ユーロ圏の統合深化、次のステップは中央銀行の統合?:藤田正美の時事日想(2/2 ページ)
一向に出口が見えない、ユーロ圏の債務危機。ユーロ崩壊を避けるための次のステップとして考えられるのは、中央銀行の統合である。
EUは何か問題があるたびに強くなってくる
そうならないためには、さらに統合を進めるほかはない。その重要なステップが「銀行同盟」だと欧州情勢に詳しい筋が解説してくれた。銀行同盟とは簡単に言ってしまえばECB(欧州中央銀行)がユーロ圏の銀行に対する銀行(つまり中央銀行)になるということだ。従来はそれぞれの国の中央銀行とそれぞれの国の銀行という枠組みの上にECBがあった。この中央銀行の統合によって、それぞれの銀行にECBが直接資金を供与することが機動的にできるようになる。

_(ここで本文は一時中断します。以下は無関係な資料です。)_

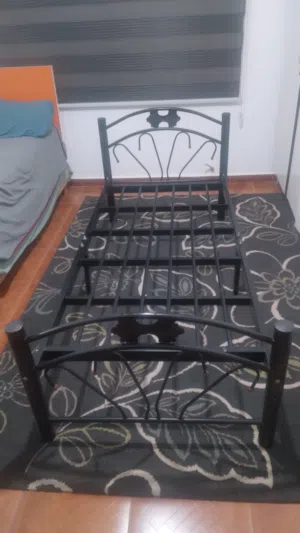 تخت حديد مفرد ونص لون اسود بجوده عاليه جدا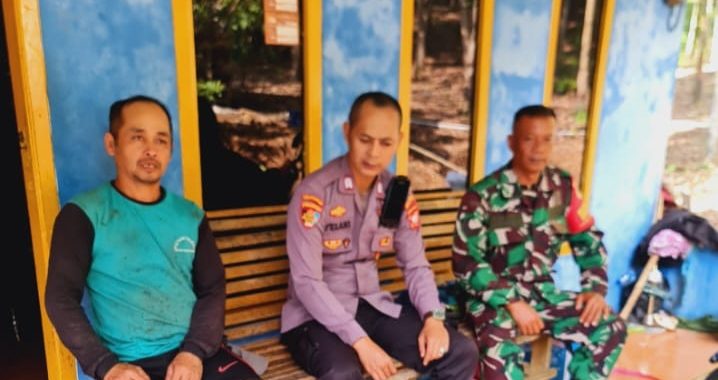 Sinergitas Tni Polri Polsek Cibalong Dalam Ngariung Kamtibmas Warga Desa Mekarmukti Dalam Tahapan Pilkada Tahun 2024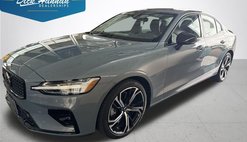 2024 Volvo S60 B5 Core Dark Theme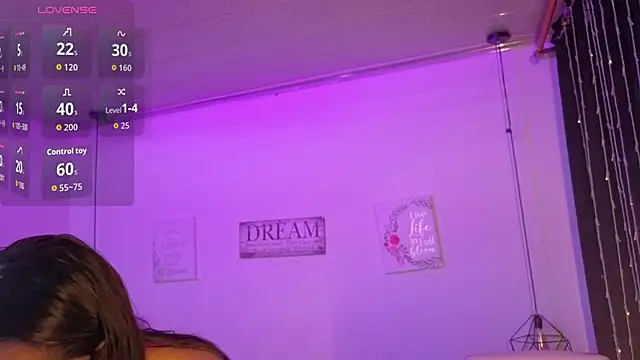 Snapshot of annie_and_ryan chatting on February 5, 4:30 am annie and ryan online show from February 5, 4:30 am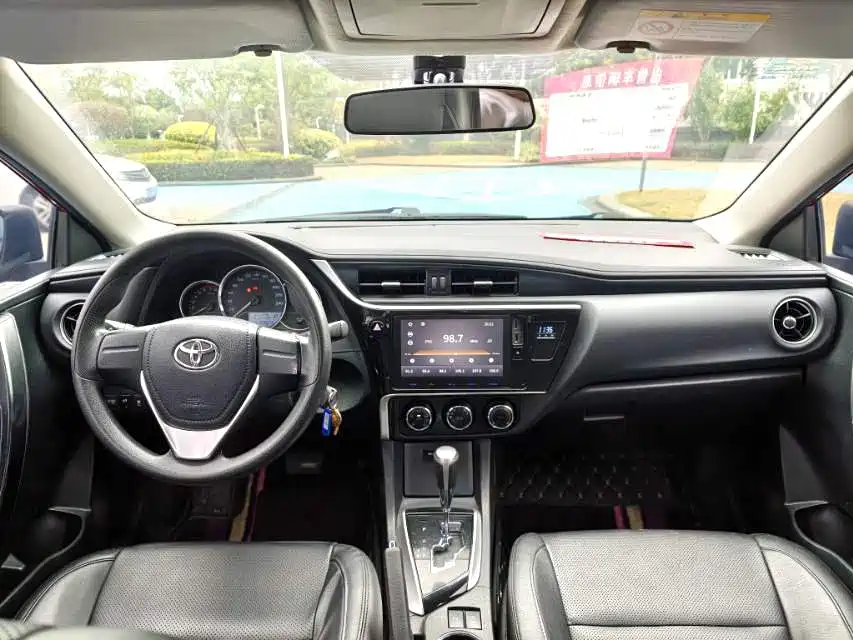 Toyota Corolla 2017 Facelift 1.2T S-CVT GL 2017 - thumbnail 5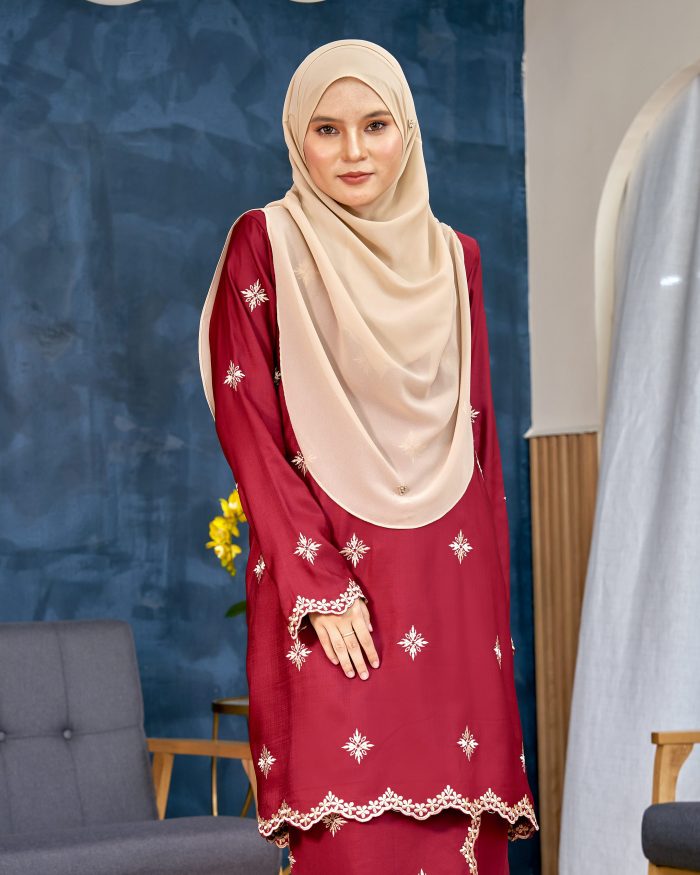 Baju Kurung Sulam Songket Tun Lestari - Cempaka Maroon - Image 8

すでに2011年、ECBはEU域内の銀行に対して3年という長期資金を低利で融資した。その総額は1兆ユーロだ。それらの資金の多くは、結局、EU加盟国国債を買い入れる資金になった。ECBがさらにこうした銀行の資産(国債など)を買い入れれば、銀行は国債を買う余裕が生まれるわけだ。ECBと民間の銀行の間に、各国の中央銀行が介在していれば、こうした動きを機動的に行うことは難しい。
ただそれでも、日銀の白川総裁が言うように、金融は「時間を稼ぐ」だけであるという事実は変わらない。時間を稼いでいる間に、各国が財政再建や成長戦略を実行してくれなければ、結局はまたどこかで債務危機が発生するだけだ。各国は、人口減少と高齢化、社会保障関係費用の膨張という、日本と共通する課題に悩んでいる。この構造的な問題には、手っ取り早い解決策はない。
英国ではオズボーン財務相が主導して財政再建を懸命に進めている。そのためもあって、このところ3四半期はマイナス成長となり、財務相に対する風当たりは強い。ただS&Pは英国債の格付けをAAAのまますえ置き、また見通しも安定しているとした。財政再建について政府に強い意思があると評価された結果だ。
欧州についてある財務省関係者が言った言葉が印象に残っている。「EUは何か問題があるたびに、強くなってくるあなどれない相手だ」。日本もそういう意味では問題があるたびに乗り越えてきた歴史を持つが、ここ20年ぐらいはめっきり解決力が落ちてきたように思うのは私だけではあるまい。